Costa Rica – Though Costa Rica is one of the world’s top coffee-producing countries, it’s surprisingly difficult to find a good cup there. Why? Because the country exports 90% of its beans, leaving behind the lower-quality coffee for those drinking Costa Rican coffee in its homeland. The long political and economic explanation for this is a long story for another time, but what’s important is that things are changing. And one specific cup of coffee was a crucial player in this change, the movement to enjoy a good Costa Rican coffee at home. Specifically, it was a $6 cup of coffee from the La Mesa farm in Dota, Tarrazú, served at a place called Cafeoteca in 2014.
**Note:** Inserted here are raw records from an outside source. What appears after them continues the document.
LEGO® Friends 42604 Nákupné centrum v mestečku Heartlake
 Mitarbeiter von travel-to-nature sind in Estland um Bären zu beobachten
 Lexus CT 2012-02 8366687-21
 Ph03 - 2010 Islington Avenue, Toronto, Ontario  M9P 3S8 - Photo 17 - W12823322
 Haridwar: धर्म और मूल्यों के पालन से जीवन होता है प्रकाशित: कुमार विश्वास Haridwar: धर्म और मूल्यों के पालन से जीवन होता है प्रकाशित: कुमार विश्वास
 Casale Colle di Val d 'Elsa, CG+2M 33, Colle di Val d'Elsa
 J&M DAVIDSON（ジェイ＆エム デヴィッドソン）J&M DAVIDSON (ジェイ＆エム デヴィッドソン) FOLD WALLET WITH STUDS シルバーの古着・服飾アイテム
Cafeoteca has just 10 seats and is tucked in the city’s Escalante neighborhood. Its design boasts a mixture of materials that sound unusual together, but feel entirely complementary, like floor-to-ceiling windows sporting geometric metalwork, chalkboard walls, and a wood bar custom built for the space. Extra touches—like the eclectic mug collection that hangs above a chalkboard illustration of an artsy-looking woman sipping her coffee—add just the right dash of eccentricity. Cafeoteca is equal parts sophisticated and homey.
The cafe opened in 2013 as the brainchild of well-known Costa Rican chef Camille Ratton and her husband, Juan Ignacio Salom. The two had already established themselves in the food scene with their chic fusion restaurant Kalú. They also own a design boutique together. Today, all three enterprises share different corners of the same space, a renovated 1950s home built in the International Style.
“Cafeoteca was a natural step for us,” Ratton said. “It was the link between gastronomy and design to include our beloved drink.” She said they read, traveled, and drank coffee for two years to define the concept of their cafe.
Cafeoteca is deliberately small so that the baristas can offer every customer personal attention and an individualized experience. Exactly eight coffees are served—one from each of the eight regions where coffee is produced in Costa Rica. Cafeoteca buys its beans directly from the farms and roasts them weekly. Baristas grind beans for espresso on an Astoria grinder and prepare drinks using a Rancilio Epoca Semi Automatic. They use a BUNN grinder to grind beans and prepare coffee in a variety of different methods: V60, Chemex, AeroPress, syphon, chorreador (a traditional Costa Rican drip coffee technique), and cold brew. “You can try 23 different cup profiles at Cafeoteca, and have 23 experiences,” Ratton says. “Not every coffee is for everyone. It depends on the time of the day you drink it, the way you drink it, and how you prepare it.”
Ratton and Salom opened the cafe three years ago because they observed a lack of knowledge about coffee all around them. Despite their country’s worldwide reputation for amazing coffee, they found Costa Ricans did not understand why coffee purchased for $2 per pound at the supermarket could never be good. “You cannot expect to have great coffee if you do not pay proper prices to the producers,” Ratton said. “You cannot expect to drink a decent cup if you do not know how long it has been sitting on the shelf, what’s in it, or where it comes from!”
Cafeoteca wanted to change that. That $6 cup of coffee was one way they could do so.
Here’s the story behind that cup. In 2014, the La Mesa coffee farm was crowned producer of the best coffee in the country in the Costa Rica Cup of Excellence competition. When a farm wins this award, their entire crop goes up for auction the following month. Usually, international buyers swoop up all the beans for a hefty price. For the first time, a Costa Rican roaster purchased a small batch of winning beans. The roaster was Café Boleto, one of Cafeoteca’s two roasters. The cafe sold single servings of La Mesa’s coffee for 3,000 Costa Rican colones (about $6).
Zach Dyer reported in the Tico Times why this particular cup of java was so important. “Historically, Costa Rica exported its best coffee and drank the worst,” he told me when I asked him about the country’s evolving coffee culture. “One of the biggest struggles with the nascent Third Wave coffee movement here is getting access to high-quality beans to serve in cafes. Many producers don’t think about reserving some of their harvest to sell at a lower price for domestic consumption, so the cafes have to start doing a lot more in the way of relationship building at the source.”
Which is exactly what Cafeoteca has been doing from the start. For specialty coffee to catch on in Costa Rica, local cafes need to get their hands on domestic beans, then make a serious effort to educate their customers on the how and why behind every cup. As the movement towards appreciating local quality grows, Cafeoteca leads the way by delicious example.